• Extracted information:
--- START ---

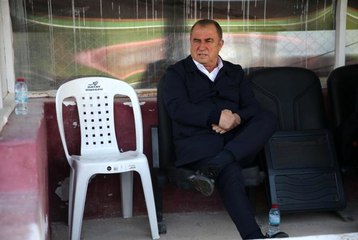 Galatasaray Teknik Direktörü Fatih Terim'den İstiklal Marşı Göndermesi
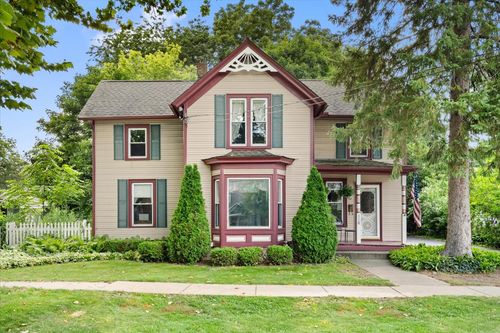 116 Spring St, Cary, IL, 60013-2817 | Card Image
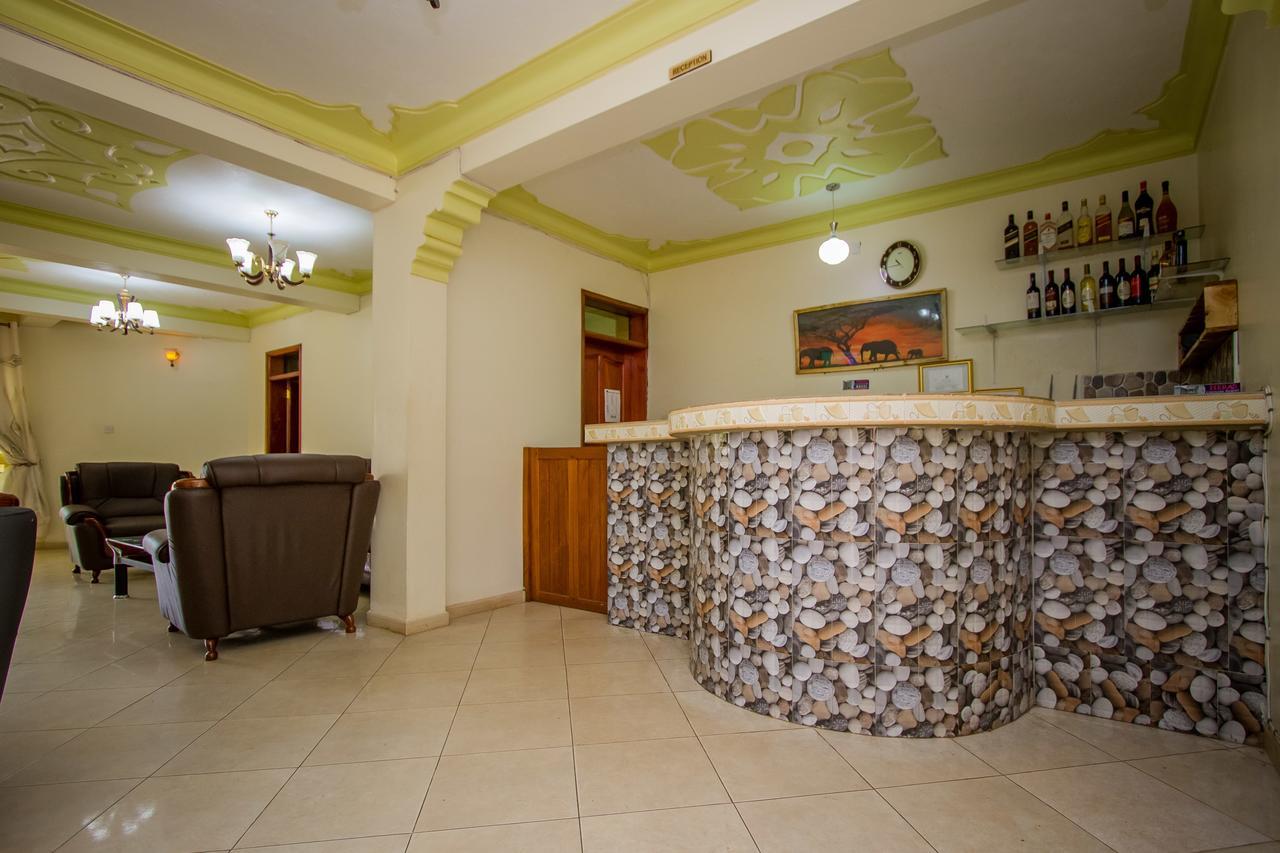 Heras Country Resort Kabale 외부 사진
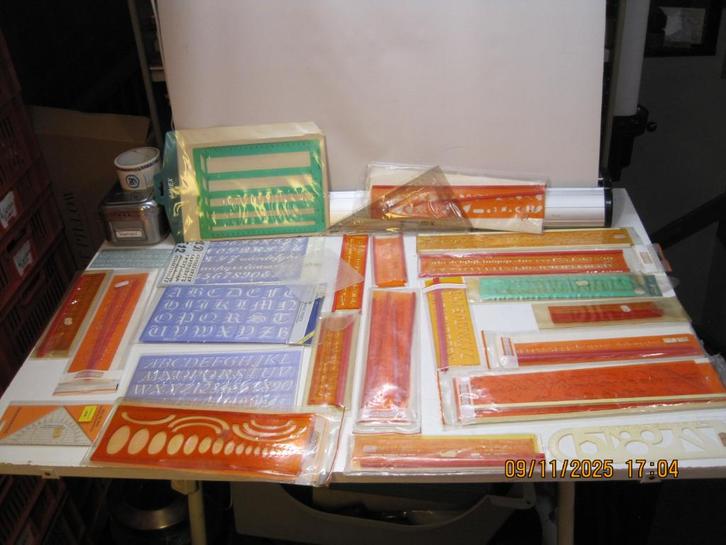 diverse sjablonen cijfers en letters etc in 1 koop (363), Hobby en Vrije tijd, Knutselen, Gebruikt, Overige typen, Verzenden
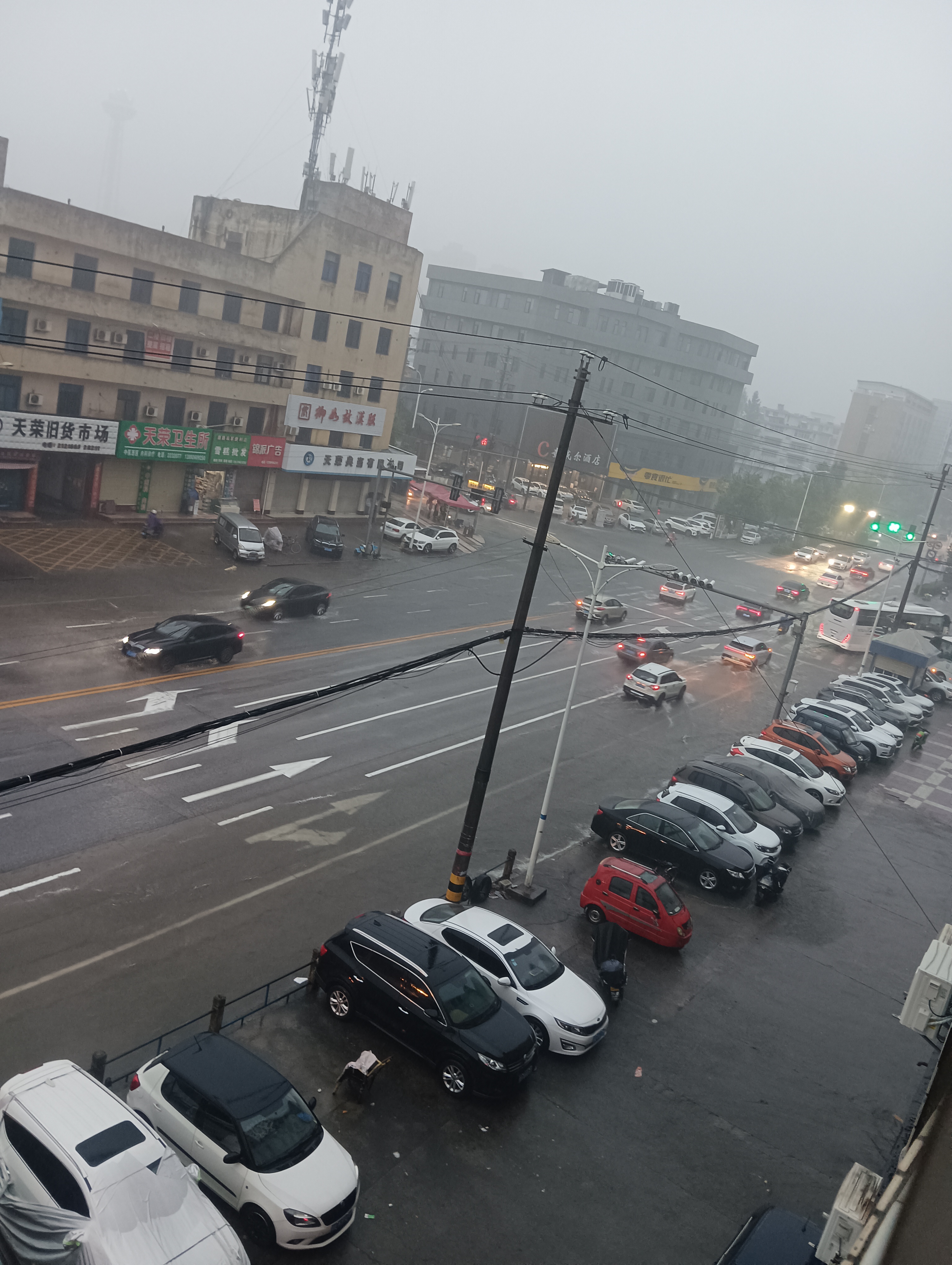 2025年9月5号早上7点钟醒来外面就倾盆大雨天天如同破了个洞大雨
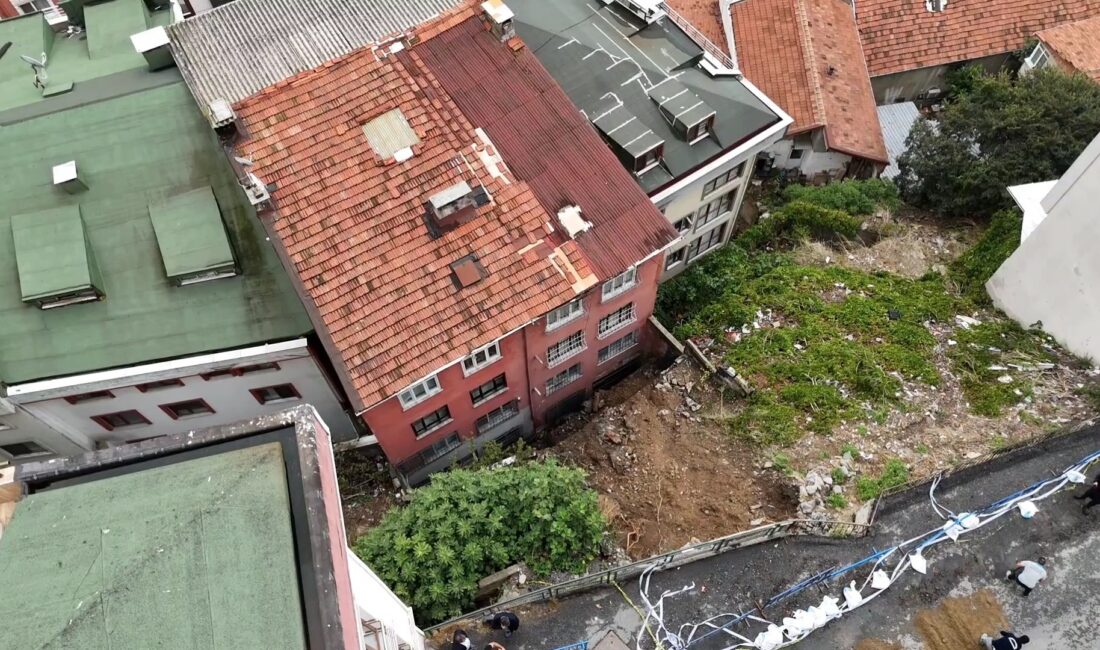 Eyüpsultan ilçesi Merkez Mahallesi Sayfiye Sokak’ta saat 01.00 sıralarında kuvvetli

--- END ---
--- START ---

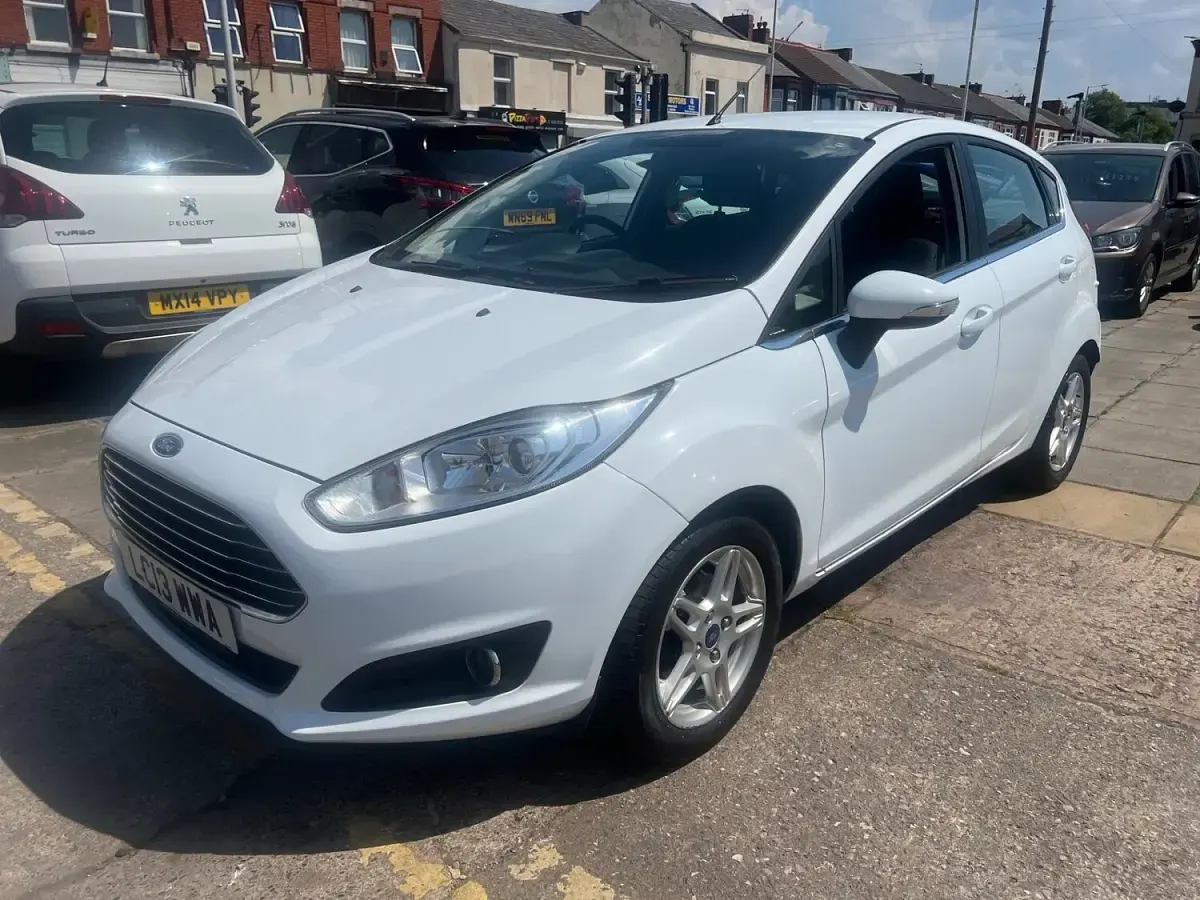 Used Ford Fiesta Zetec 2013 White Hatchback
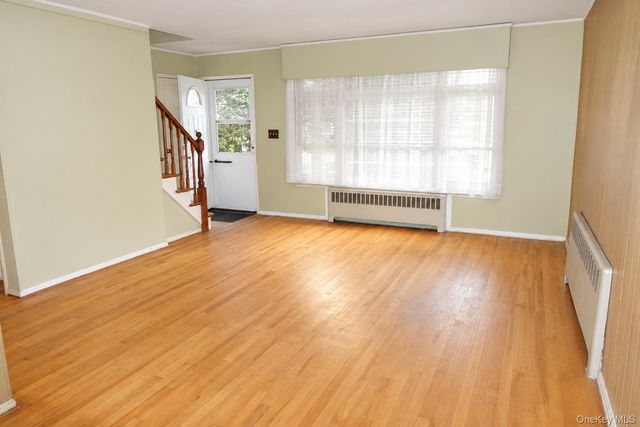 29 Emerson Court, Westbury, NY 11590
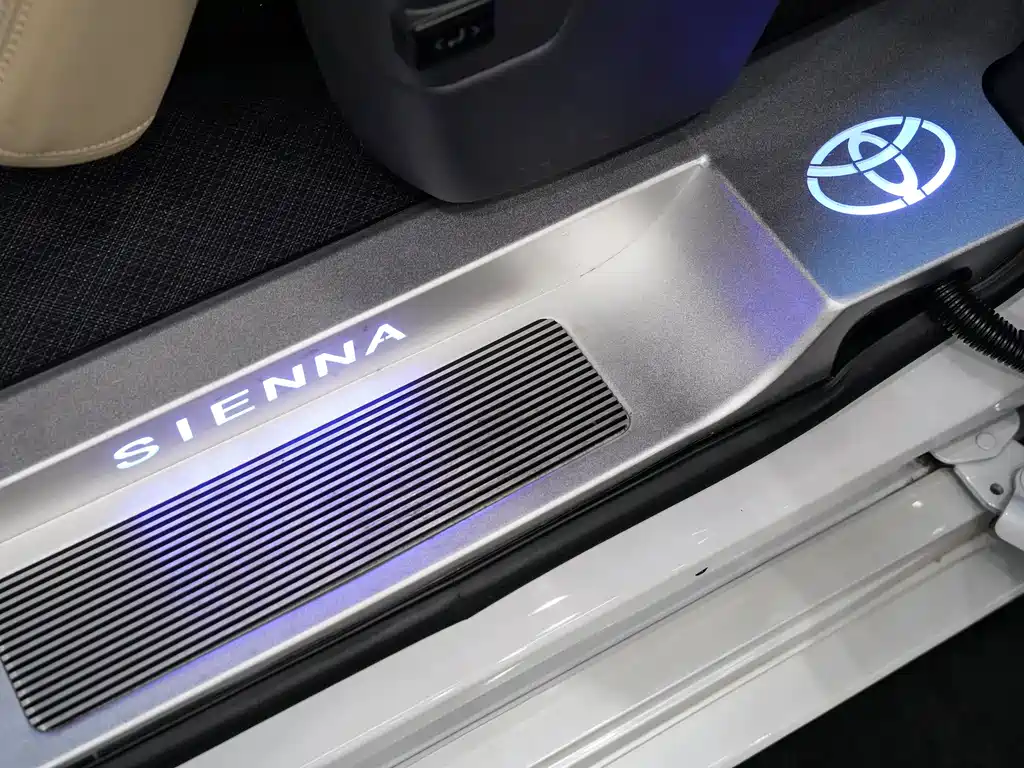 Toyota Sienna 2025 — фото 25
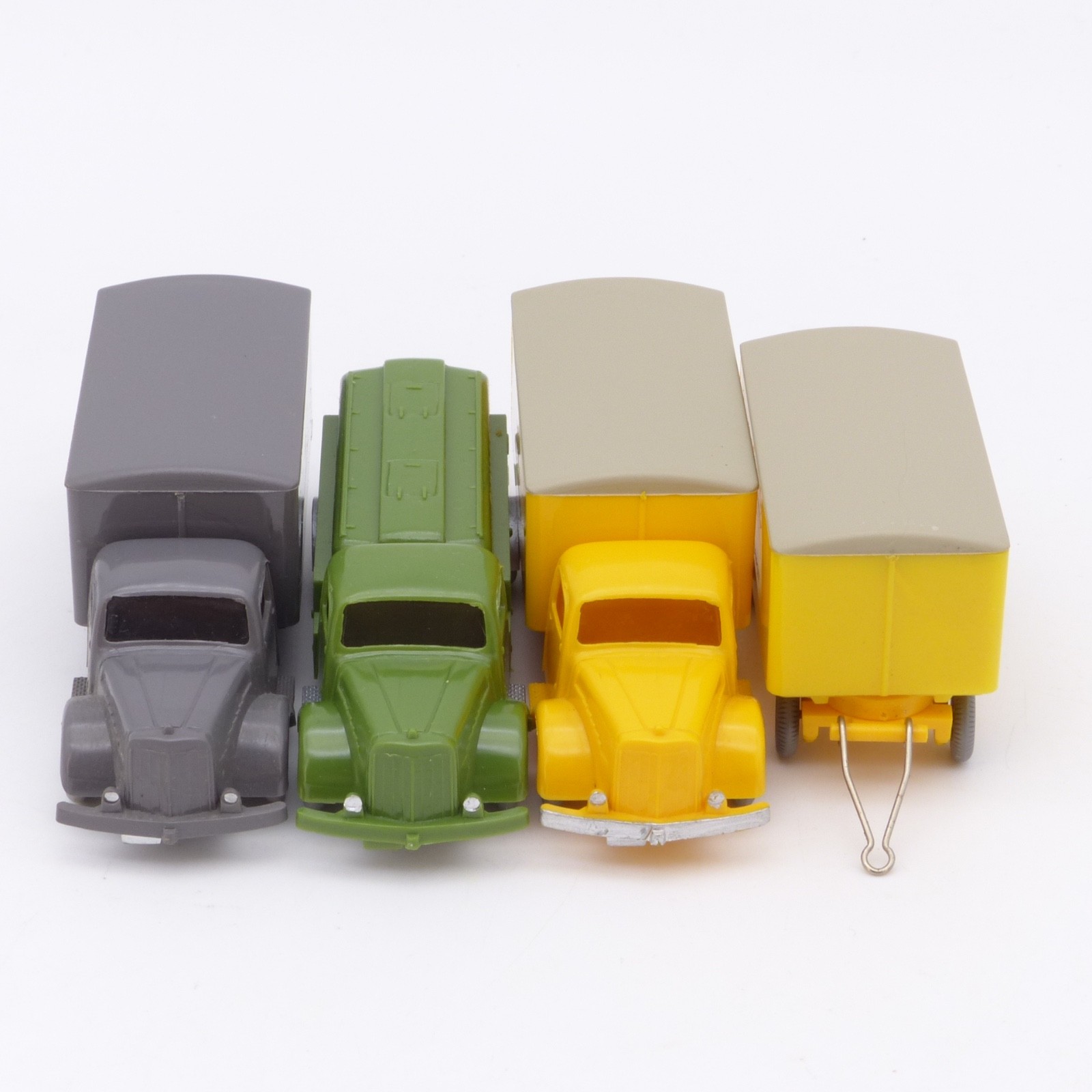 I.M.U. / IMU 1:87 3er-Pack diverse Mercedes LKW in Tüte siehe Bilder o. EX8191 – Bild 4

--- END ---

• Exercise: Look above for the line with "Used Ford Fiesta Zetec 2013 White Hatchback"; quote it and every line after it, stopping after the line with "I.M.U. / IMU", exactly, with nothing added and without pictures.

• Answer to this exercise:
 Used Ford Fiesta Zetec 2013 White Hatchback
 29 Emerson Court, Westbury, NY 11590
 Toyota Sienna 2025 — фото 25
 I.M.U. / IMU 1:87 3er-Pack diverse Mercedes LKW in Tüte siehe Bilder o. EX8191 – Bild 4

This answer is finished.